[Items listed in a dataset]
+ + + +

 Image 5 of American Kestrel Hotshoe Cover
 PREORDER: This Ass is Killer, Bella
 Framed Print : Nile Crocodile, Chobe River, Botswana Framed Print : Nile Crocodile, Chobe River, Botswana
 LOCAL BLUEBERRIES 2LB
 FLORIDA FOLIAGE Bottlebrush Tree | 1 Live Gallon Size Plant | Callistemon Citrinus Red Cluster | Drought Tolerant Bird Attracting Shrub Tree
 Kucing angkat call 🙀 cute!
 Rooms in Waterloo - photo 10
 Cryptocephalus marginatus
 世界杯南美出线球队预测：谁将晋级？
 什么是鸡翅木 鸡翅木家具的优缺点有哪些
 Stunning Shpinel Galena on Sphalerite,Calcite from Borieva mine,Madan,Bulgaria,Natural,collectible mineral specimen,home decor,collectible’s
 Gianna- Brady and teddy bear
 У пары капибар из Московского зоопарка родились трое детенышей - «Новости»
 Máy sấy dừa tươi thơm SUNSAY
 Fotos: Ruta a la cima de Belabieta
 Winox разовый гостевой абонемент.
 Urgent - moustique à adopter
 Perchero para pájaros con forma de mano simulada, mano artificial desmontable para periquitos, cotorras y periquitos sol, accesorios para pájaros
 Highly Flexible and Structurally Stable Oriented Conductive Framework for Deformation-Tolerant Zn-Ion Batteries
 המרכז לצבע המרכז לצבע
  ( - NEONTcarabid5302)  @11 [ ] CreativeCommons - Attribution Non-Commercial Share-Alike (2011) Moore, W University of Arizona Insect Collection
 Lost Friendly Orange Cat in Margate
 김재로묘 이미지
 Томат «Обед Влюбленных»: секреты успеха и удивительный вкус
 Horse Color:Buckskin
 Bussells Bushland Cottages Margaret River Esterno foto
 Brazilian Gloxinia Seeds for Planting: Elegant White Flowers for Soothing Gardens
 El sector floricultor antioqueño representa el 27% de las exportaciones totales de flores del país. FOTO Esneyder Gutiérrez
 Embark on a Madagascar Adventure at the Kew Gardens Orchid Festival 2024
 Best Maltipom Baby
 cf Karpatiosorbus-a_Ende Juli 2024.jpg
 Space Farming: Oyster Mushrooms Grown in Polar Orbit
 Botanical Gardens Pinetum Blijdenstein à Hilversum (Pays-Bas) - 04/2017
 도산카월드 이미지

+ + + +

> **ACTION ITEM**
From the records above, extract exactly and only the lines that begin at the line with "Gianna- Brady and teddy bear" and stop after the line with "и удивительный вкус".

> **SOLUTION TO THE PROBLEM**
 Gianna- Brady and teddy bear
 У пары капибар из Московского зоопарка родились трое детенышей - «Новости»
 Máy sấy dừa tươi thơm SUNSAY
 Fotos: Ruta a la cima de Belabieta
 Winox разовый гостевой абонемент.
 Urgent - moustique à adopter
 Perchero para pájaros con forma de mano simulada, mano artificial desmontable para periquitos, cotorras y periquitos sol, accesorios para pájaros
 Highly Flexible and Structurally Stable Oriented Conductive Framework for Deformation-Tolerant Zn-Ion Batteries
 המרכז לצבע המרכז לצבע
  ( - NEONTcarabid5302)  @11 [ ] CreativeCommons - Attribution Non-Commercial Share-Alike (2011) Moore, W University of Arizona Insect Collection
 Lost Friendly Orange Cat in Margate
 김재로묘 이미지
 Томат «Обед Влюбленных»: секреты успеха и удивительный вкус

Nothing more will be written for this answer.